Voxel Rendering on the GPU

Introduction:

Voxel rendering is a way to procedurally generate a mesh out of a 3d set of data. A voxel is a unit of information in a 3D grid. Its three indices represent its spatial position. The voxel itself may carry further information, depending on the application, but must at least carry a boolean value: whether a voxel exists at that position in the data or whether it is empty. With these 4 pieces of information, 3d position and true/false occupation, the 3D set of data contains enough information be processed into a mesh.

Voxels have been used since the 1980s in the medical field to visualize the data produced from CT (computed tomographic) scans. A CT scan produces a series of “slices” (2D information) that when compiled together and rendered, creates a 3D image of an object.

In video games, voxels have been used as a technique to produce and render terrain information. In comparison to height mapping, which is bar far the more commonly used terrain information format, voxel data has the huge advantage of storing 3d, instead of 2d information. A height map, as the name suggests, is a 2d set of data. the indices of each unit of information identifies the position of that data in the map, and the 0-1, black to white etc. information stored at that position holds height data (a 0-1 offset in the vertical axis). The data is then mapped to a horizontal plane of vertices, the resulting height offsets of those vertices reflecting the information stored in the height map.
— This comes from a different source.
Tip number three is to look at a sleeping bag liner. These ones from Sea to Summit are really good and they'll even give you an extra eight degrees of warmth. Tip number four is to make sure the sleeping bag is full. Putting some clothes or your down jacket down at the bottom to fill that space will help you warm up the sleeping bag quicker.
Height maps are quick and look great, but because they contain 2D rather than 3D information, as a solution to producing 3d terrain they can only be used to describe topographic information. A height map could describe a mountain, but it could not describe a mountain that contains a system of caves.

Voxels have been around in the video game industry since the 1990s, but generally have not been in the forefront of games because of technical restrictions. Their computational complexity and the strict 60 fps real time requirements of video games are at odds and produces unsatisfactory compromises in the renderer, like bad mesh approximations, strict restrictions on input data size, all of which produce graphical effects that at the end of the day users would reject as unattractive.

Recent interest:

Voxels have recently rocketed into the minds of gamers with the success of the game Minecraft. Minecraft perfectly showcases the strengths of voxel data as a solution to terrain data. Players are able to manipulate the terrain around them along all axes to produce complex shapes. However, the game sidesteps the problem of high fidelity rendering by dressing up an extremely simple voxel rendering technique with an extremely simple graphical style.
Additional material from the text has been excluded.